§ 4.5 pm
§ Mr. Ian Lloyd (Havant)
On a point of order, Mr. Speaker. You will be aware that, within the last few days, there has appeared on the Order Paper a series of early-day motions on the subject of the conditions of black South African mineworkers. These early-day motions fall into three categories. The first is based on the distinct and obvious premise that South African society has no redeeming features whatsoever, and that a policy of total condemnation is therefore justified. The second is based on a premise that these damaging, destructive and indefensible features of apartheid are on the way out, and that any support which can be given by Her Majesty's Government or others to that trend is therefore justifiable.

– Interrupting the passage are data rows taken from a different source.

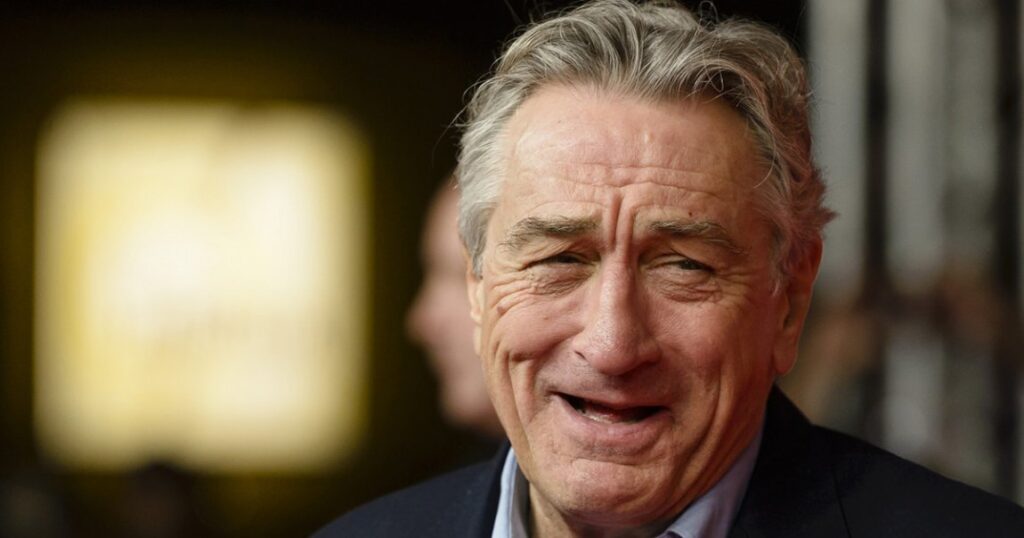 Aktori Robert De Niro në moshën 80-vjeçare bëhet baba për herë të 7-të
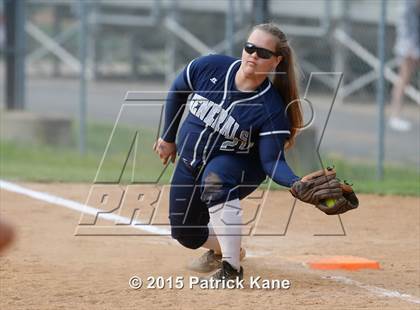 Thumbnail 3 in Washington-Lee @ McLean (VHSL 6A Conf 6 Quarterfinal) photogallery.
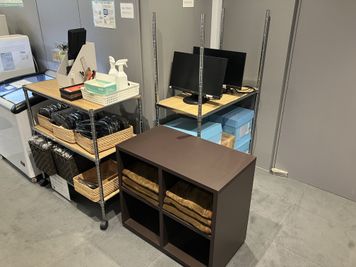 SoloTime 新宿南口 ROOM SK01（1名用完全個室/女性専用）の室内の写真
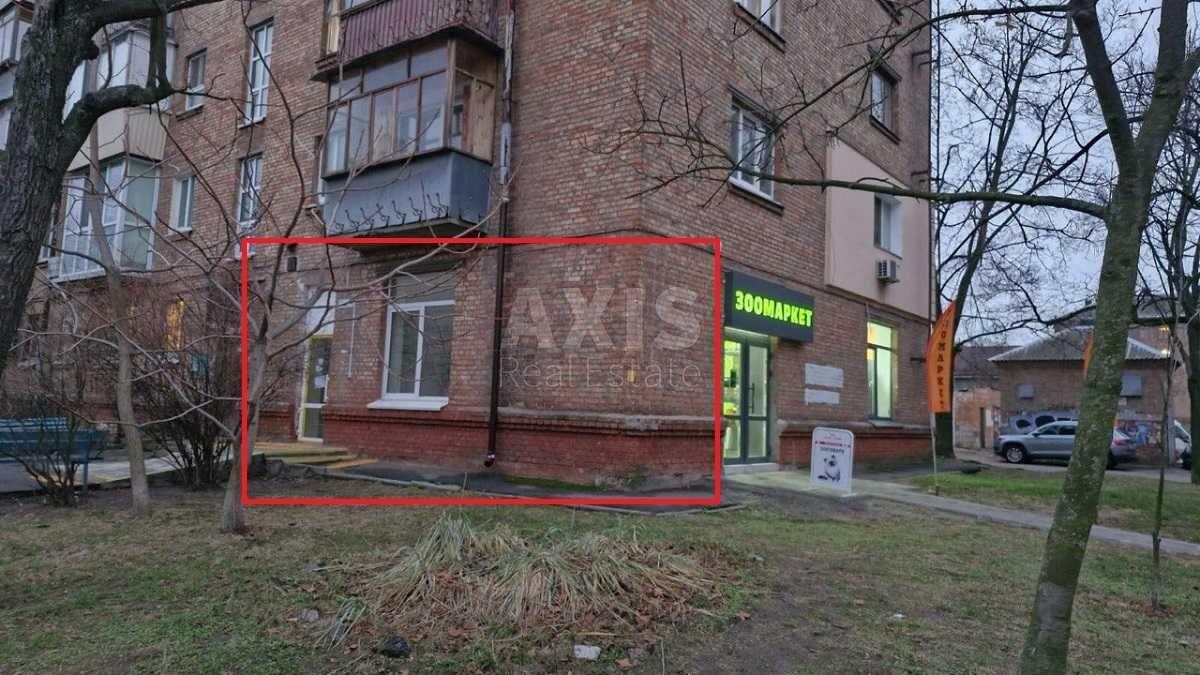 Об'єкт торгівлі вул. Сормовська 16, 95м2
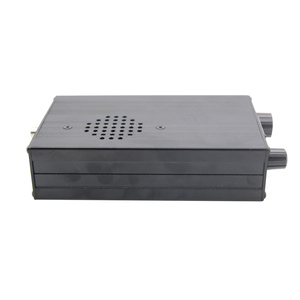 Xiegu G106 G1M HF Transceiver Portabel HF Empat Band dengan Pemrosesan Pengurangan Kebisingan Suara Adaptif AM/CW SSB QRP SDR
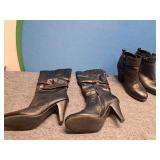 Guess boots size 7 m and Other shoes size unknown
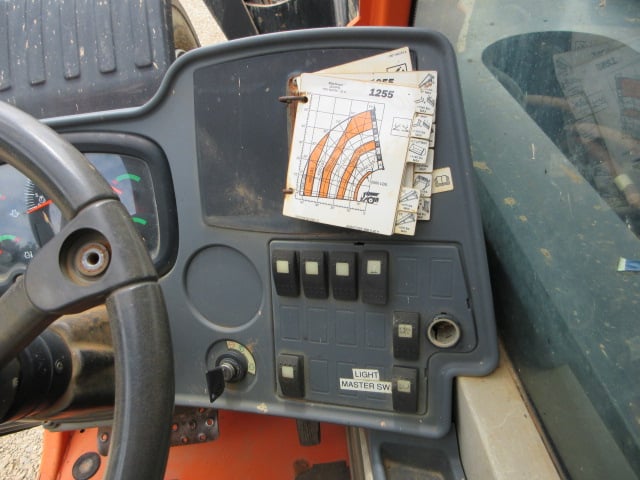 Used 2017 JLG 1255 Telehandler Forklift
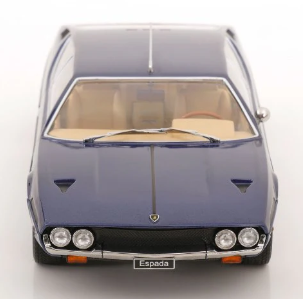 Метална кола Lamborghini Espada S2 1970 KK Scale 1:18 - 181403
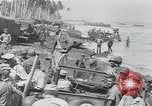 Standbild Philippinen Kampagne Leyte Philippinen, 1944, aus Sekunde 22 historischem Filmmaterial Videoclip 65675054917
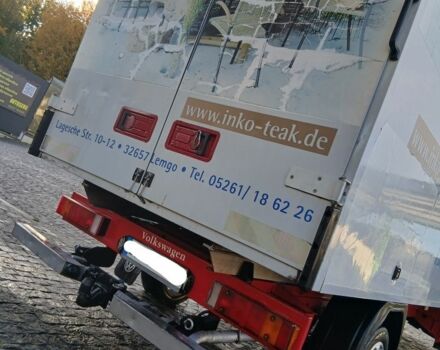 Красный Фольксваген ЛТ, объемом двигателя 2 л и пробегом 500 тыс. км за 12500 $, фото 5 на Automoto.ua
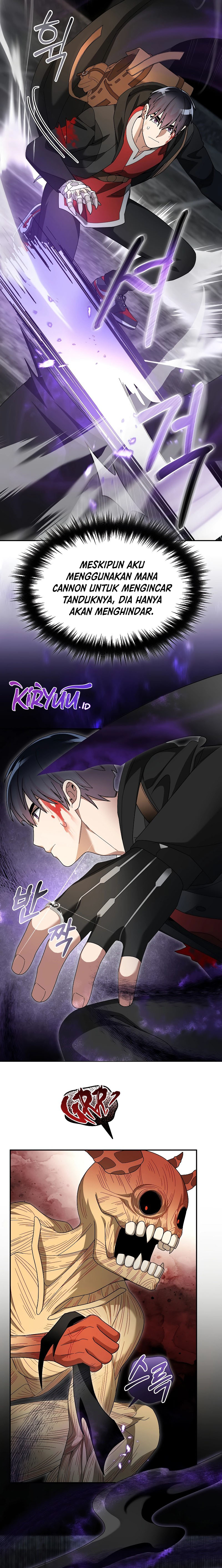 The Newbie Is Too Strong Chapter 94 Gambar 7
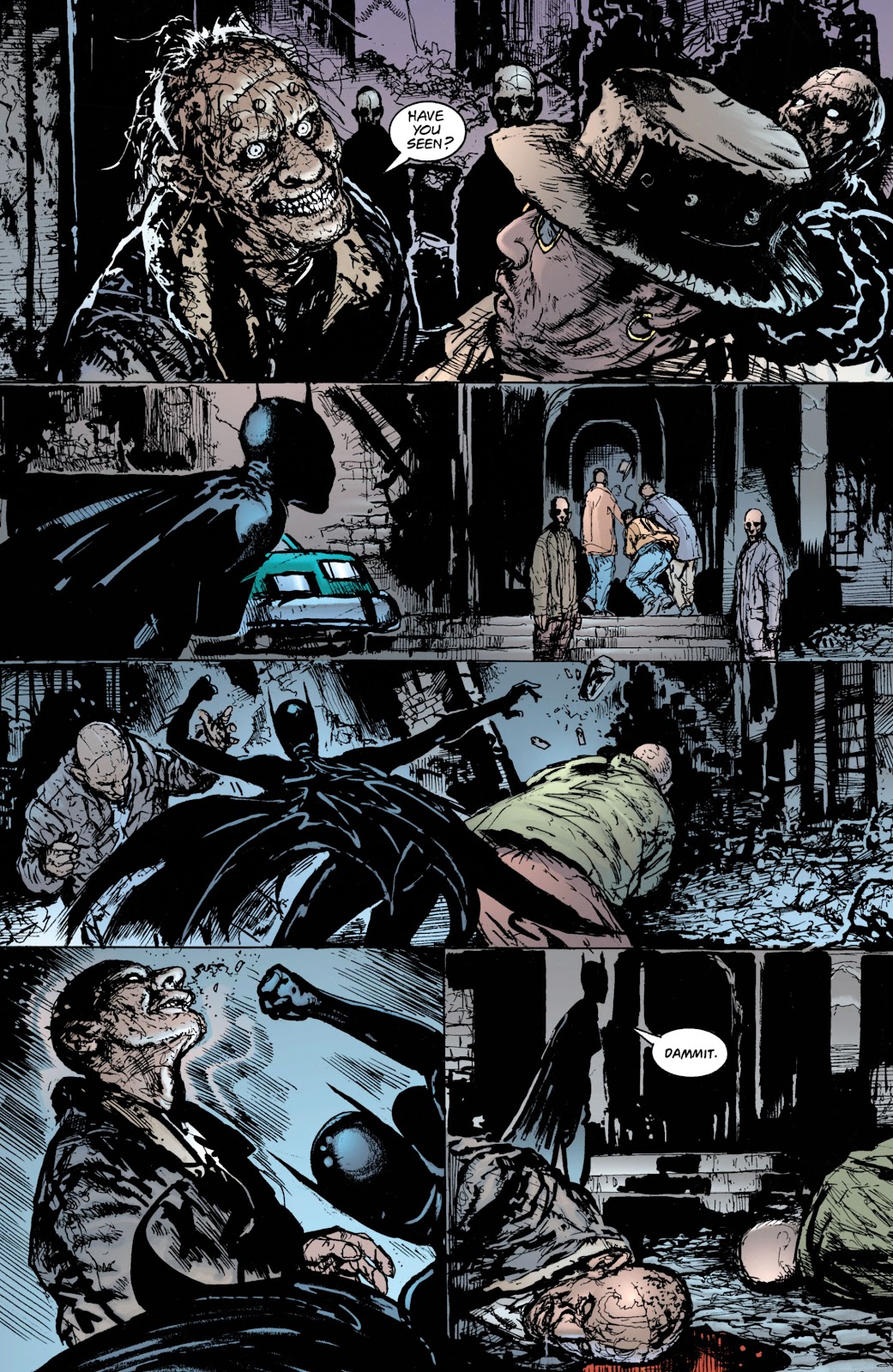 Batman (1940) Issue #565 - Page 7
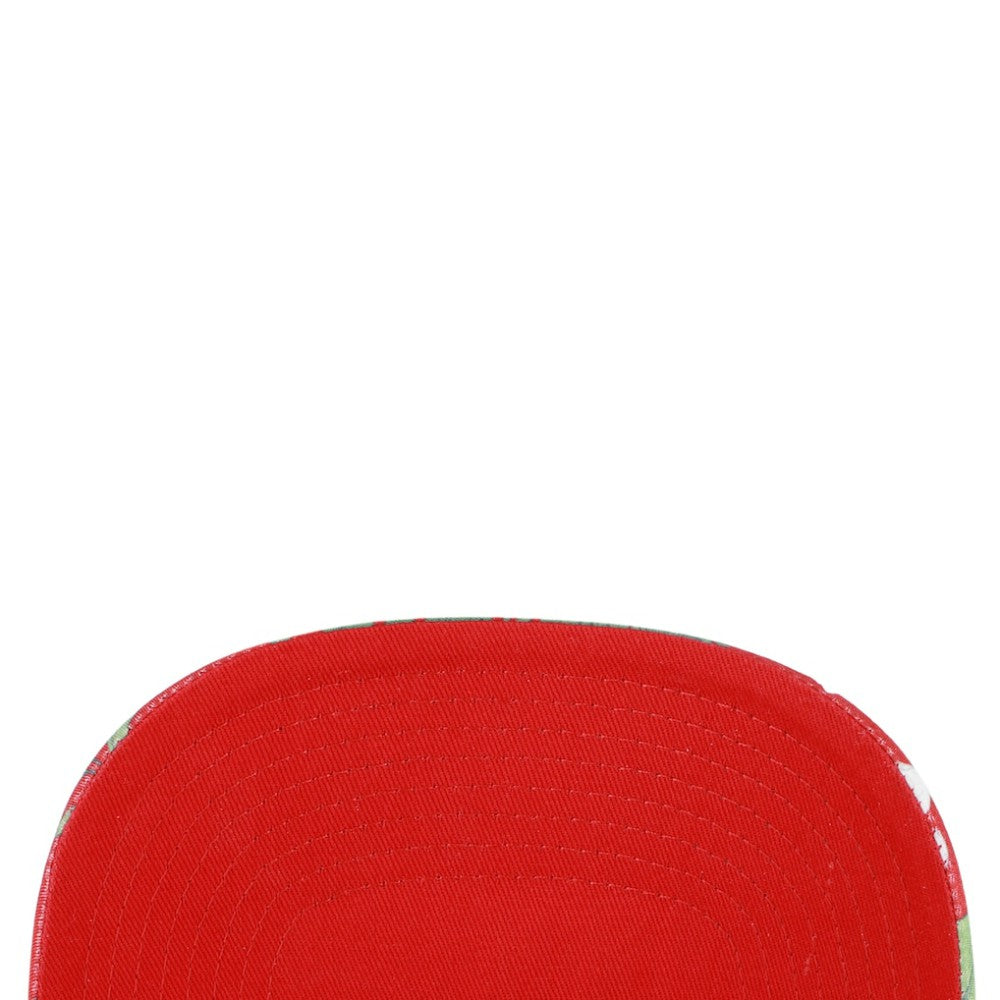 Cincinnati Reds Beachside Adjustable Trucker Hat Red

But there is a third category, which is entirely different.
§ Mr. Lloyd
It is a different kettle of stinking fish. The objective of the third category of early-day motion is to discredit the views of hon. Members by suggesting that they hold views which they do not hold. Secondly, it has as its distinct purpose the suggestion that the views or the judgment of an hon. Member can be bought or influenced simply because he has accepted a journey to a foreign country and has travelled around, as most hon. Members do on most occasions when they travel abroad to other countries. My point of order is that such motions are an unwarranted and grave abuse of the House.
§ Mr. Lloyd
It makes the most scandalous allegations about an hon. Member and it is a breach of the tradition of courtesy and dignity in this place, which allows the widest possible diversion of interest and argument, without attacking the honour and integrity of individual Members. Is it possible for you in such circumstances, Mr. Speaker, to defend an hon. Member, and, indeed, to 832 defend the tradition and dignity of the House, by ensuring that, when an early-day motion of this kind is tabled, the Table Office will at least refer it to you in the first instance so that any early-day motion attacking—
§ Mr. Speaker
I thank the hon. Member for having given me notice that he was going to raise this point of order. I have studied carefully the motion to which he refers. It contains strong criticisms of the hon. Member's alleged political views and conduct, but motions of this kind frequently appear on the Order Paper. However, this motion gives me the opportunity to remind the House—I am glad to have the opportunity—of the words in "Erskine May":Good temper and moderation are the characteristics of parliamentary language. Parliamentary language is never more desirable than when a Member is canvassing opinions and conduct of his opponents in debate.I would therefore ask all hon. Members drafting motions to bear those wise words in mind.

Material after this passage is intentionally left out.